For the first time, Russian scientists from the National Research Nuclear University MEPhI (NRNU MEPhI) taught a neural network to analyze and search for nanoparticles through a microscope.
In order to teach a neural network to perform this task, it needs to be shown several tens of thousands of marked up photos. These are special images that show what task the neural network will perform. This, according to scientists, is extremely difficult for a number of highly specialized scientific problems.
To get around this problem, scientists did not mark up real photographs to train the neural network, but generated images that simulate them on a computer.
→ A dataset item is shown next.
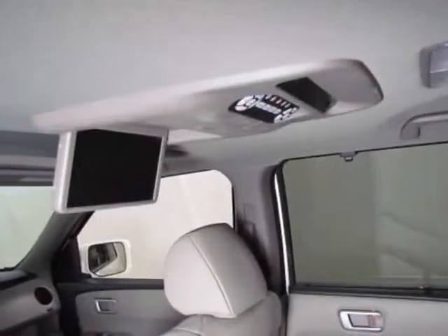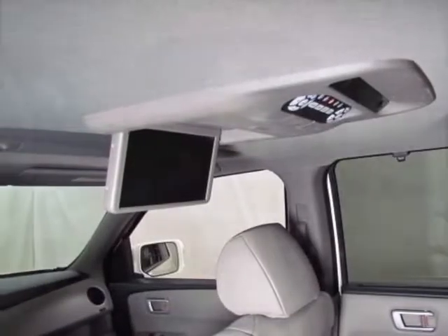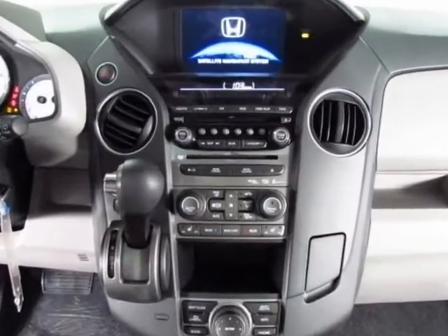Check out this new 2013 Honda Pilot. For your protection, this vehicle has a full factory warranty.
SEM (scanning electron microscope), which uses an electron beam instead of visible light, is used to study nanoparticles synthesized for medicine and other purposes. Analysis of SEM images consists in the detection of particles and their size distribution. Neural network approaches in this area are not developed, and standard methods of image processing do not provide the required quality.
Alexander Kharin, specialist of the Engineering Physics Institute of Biomedicine, National Research Nuclear University MEPhI
The results of the study will make it possible to automate the processing of SEM images, revolutionizing the standard methods for studying new materials, scientists are sure.
This work, the authors believe, will help not only to reduce the research time, but also to increase the number of analyzed particles – from hundreds of units to tens of thousands. In the future, the research team is going to automate the classification of nanoparticles.